» **Data shown**
▼

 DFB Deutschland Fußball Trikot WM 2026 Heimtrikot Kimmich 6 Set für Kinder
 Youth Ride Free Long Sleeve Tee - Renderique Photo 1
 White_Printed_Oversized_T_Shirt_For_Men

▲

Could you restate all of the lines above without altering a single word?

 DFB Deutschland Fußball Trikot WM 2026 Heimtrikot Kimmich 6 Set für Kinder
 Youth Ride Free Long Sleeve Tee - Renderique Photo 1
 White_Printed_Oversized_T_Shirt_For_Men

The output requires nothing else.